• Provided data

-----

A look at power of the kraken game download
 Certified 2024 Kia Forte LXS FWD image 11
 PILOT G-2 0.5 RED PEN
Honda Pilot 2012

-----

• To do
Restate the data word for word.

• Response to the task
A look at power of the kraken game download
 Certified 2024 Kia Forte LXS FWD image 11
 PILOT G-2 0.5 RED PEN
Honda Pilot 2012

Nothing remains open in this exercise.